As much as he was portrayed as a strong character, he never fired Fauci.
And his people kept saying, if you fire him, you'll lose the election.
Well, he lost the election and didn't fire Fauci.
Maybe he should have fired Fauci early on.
And Fauci, Birx, They were all big government people with decisions every day.
They had a different opinion.
Almost none of it was based on science.
And still to this day, they won't acknowledge that natural immunity works.
If you've had the infection, you have some protection.
This isn't to deny vaccines.
They both work.
Vaccines work, and so does natural immunity.
And actually, the combination of it is why people aren't as afraid of this disease anymore.
But it's also why, as they start to mandate COVID vaccines on children, that we should say, well, Hey, my kid already had COVID.
Does he really need a COVID vaccine?
Shouldn't I get that choice?
And the question I keep asking, if my kid's already had COVID, what is the chance that he goes to the hospital and dies with a second bout of COVID?

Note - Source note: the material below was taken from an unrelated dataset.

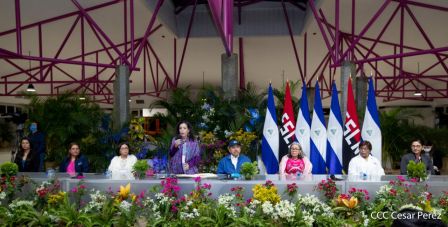 El Comandante Daniel Ortega y la Compañera Rosario Murillo presidieron acto en ocasión del Día Internacional de la Mujer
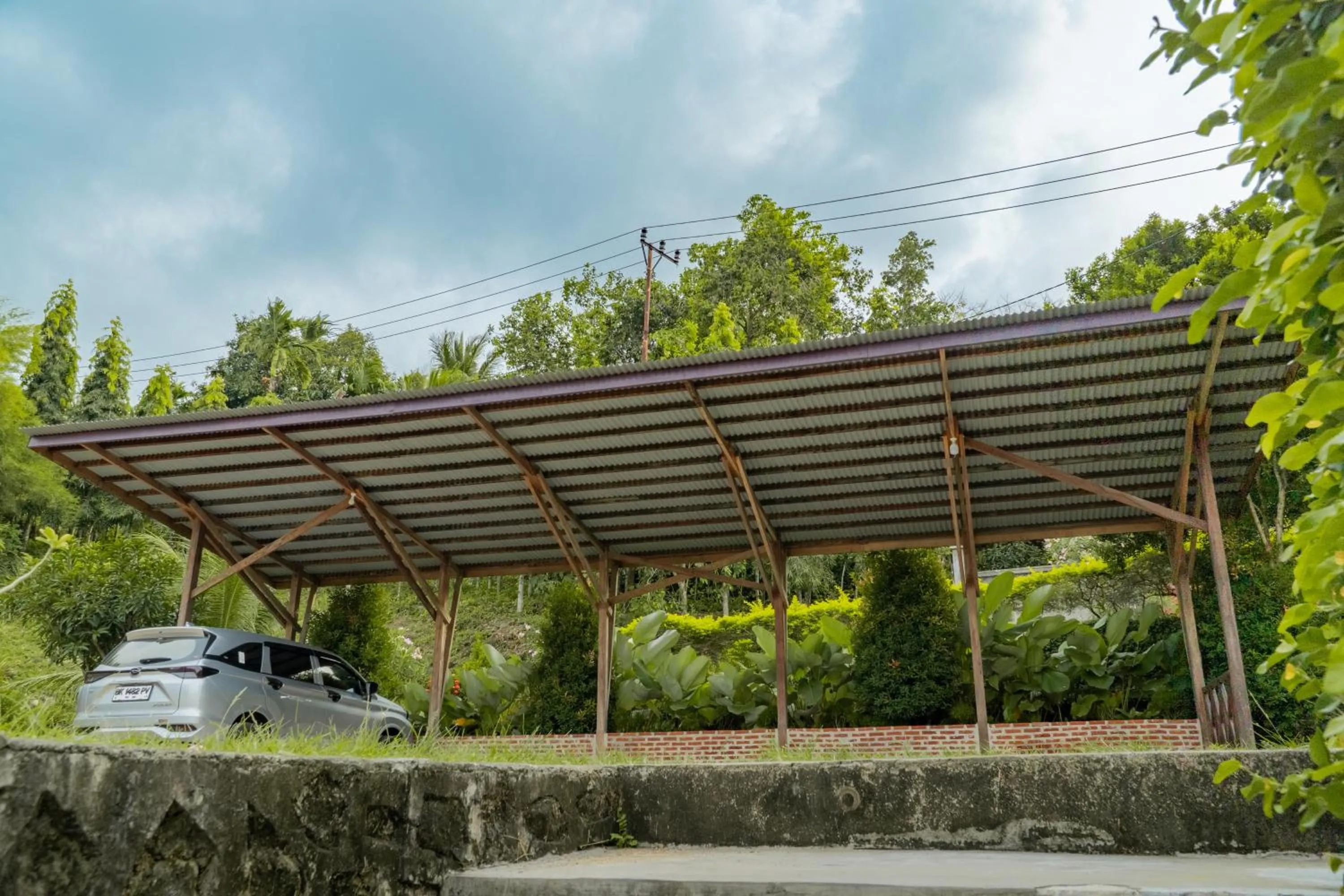 Parking in The Hawk's Nest Resort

it's probably zero. In fact, I haven't seen a case where a kid had COVID unless the child is very,
very sick from some other disease. And almost all the children that died under 18 were very,
very sick and sadly were dying from some other disease.
There was nobody, there were no like healthy children like, oh, my, you know, healthy 10-year-olds
playing in the yard gets COVID and Didn't happen.
And so we shouldn't be forcing the vaccine on them, particularly because there are some side effects to the vaccine for children, particularly boys between the ages of 16 and 24, which just happened to be a lot of the kids in our military.
The young men in our military are at risk for heart inflammation, and that risk exceeds easily their risk for any kind of problem from COVID.
And then of course, Dr. Aladipo in Florida, the Surgeon General, puts out that report and then Twitter censors it, which is a whole other thing about censorship, but I know you're tight on time, so let me just ask you one other thing.
So as we're taping this on Tuesday, supposedly Trump may make some sort of announcement tonight.
Obviously the big thing right now in the Republican Party is which way is this thing gonna go?
Is it gonna be a Trump party or perhaps a DeSantis party?
I know you founded the Liberty Caucus, right, with Ron DeSantis?
I knew him something from the congressional baseball game.
He was a good baseball player.
He played at Yale, and I can remember him coming to one of the early practices and hitting home run during practice, which is, you know, for a bunch of old guys out there playing, it was pretty impressive.
So he was a good player, but he ended up having shoulder surgery at that time and didn't really play on the team, and then he ran for governor.
So I don't know him real well, but I have met him.
I've been impressed with what he's done.
The other thing is, it is about who you hire in your administration.
The fact that he's put forward this public health doctor who is telling it like it is and telling the truth and is not just an apologist for big government and unafraid, such that he's got big tech alarmed, I'm pretty impressed with that.
I'm not asking you for who do you like more, but in terms of do you want them, if it's going to happen, to battle it out publicly, or would you rather it sort of be dealt with privately?
Because there's just so many fights, it seems like, right now in the Republican Party.